_Records for the exercise_
##########
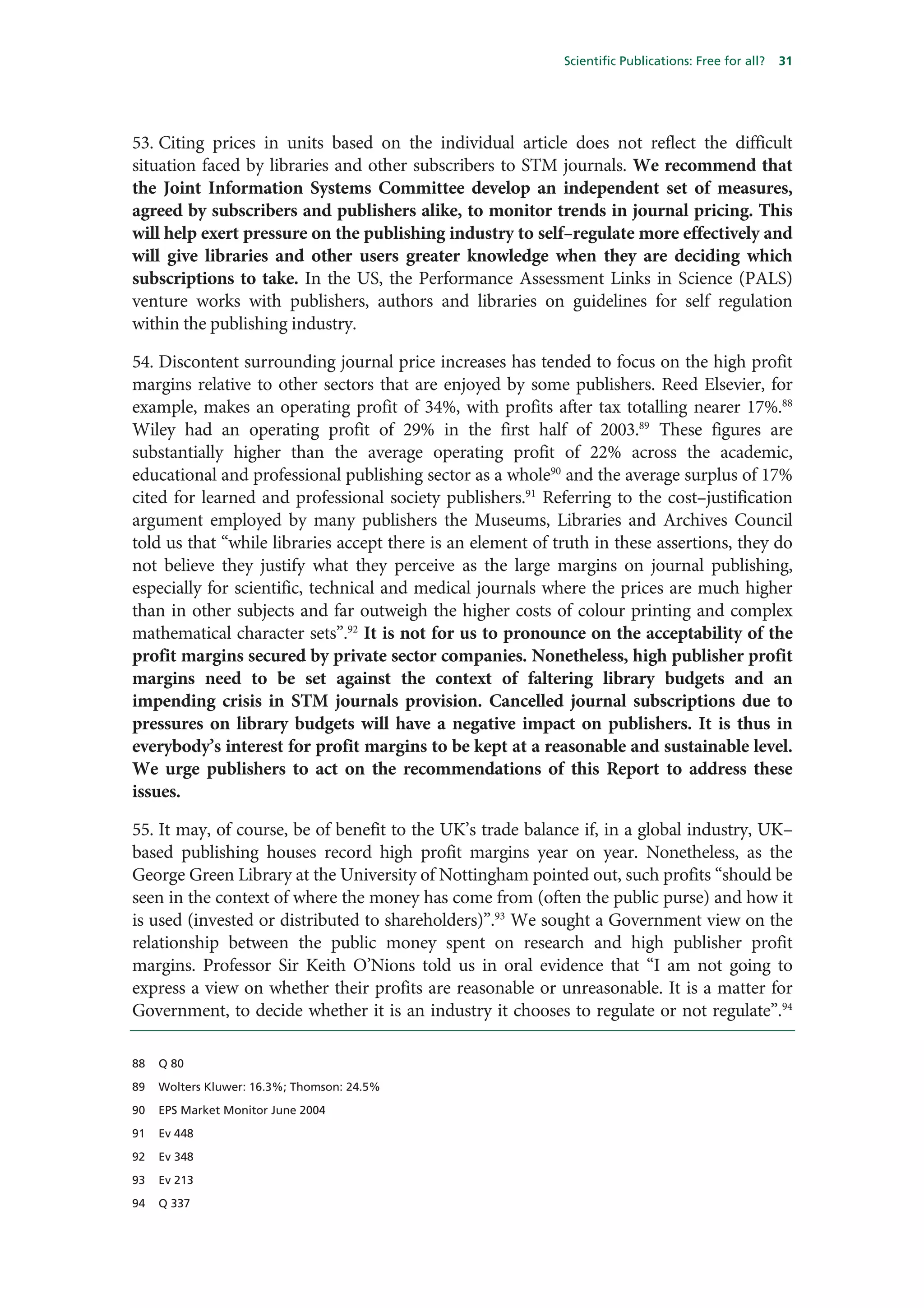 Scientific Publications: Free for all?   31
##########
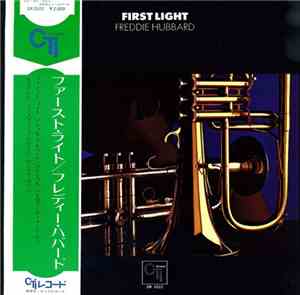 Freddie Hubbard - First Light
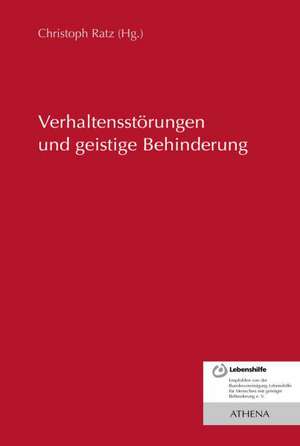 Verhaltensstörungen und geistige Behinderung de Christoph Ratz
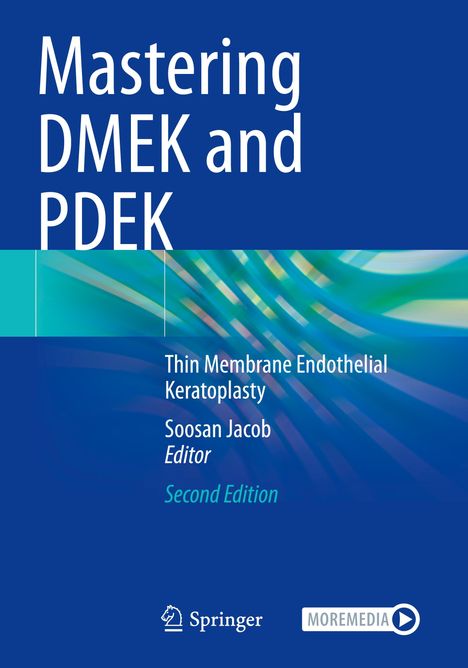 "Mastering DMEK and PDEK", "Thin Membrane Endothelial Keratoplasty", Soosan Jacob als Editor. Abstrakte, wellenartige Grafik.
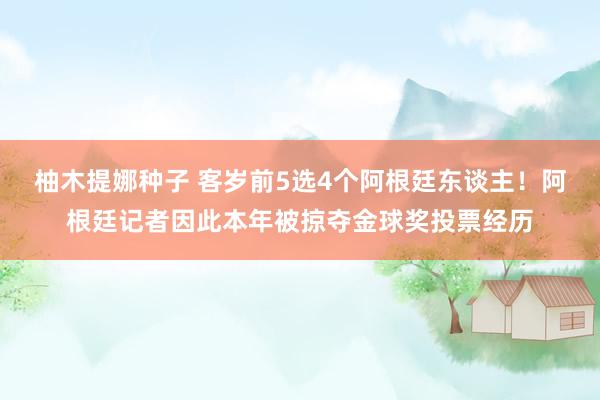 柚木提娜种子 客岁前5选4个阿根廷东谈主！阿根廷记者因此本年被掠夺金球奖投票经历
##########
Set down exactly the lines above, from the line containing "Verhaltensstörungen und geistige" through the line containing "柚木提娜种子 客岁前5选4个". Skip the pictures.

_Task answer_
 Verhaltensstörungen und geistige Behinderung de Christoph Ratz
 "Mastering DMEK and PDEK", "Thin Membrane Endothelial Keratoplasty", Soosan Jacob als Editor. Abstrakte, wellenartige Grafik.
 柚木提娜种子 客岁前5选4个阿根廷东谈主！阿根廷记者因此本年被掠夺金球奖投票经历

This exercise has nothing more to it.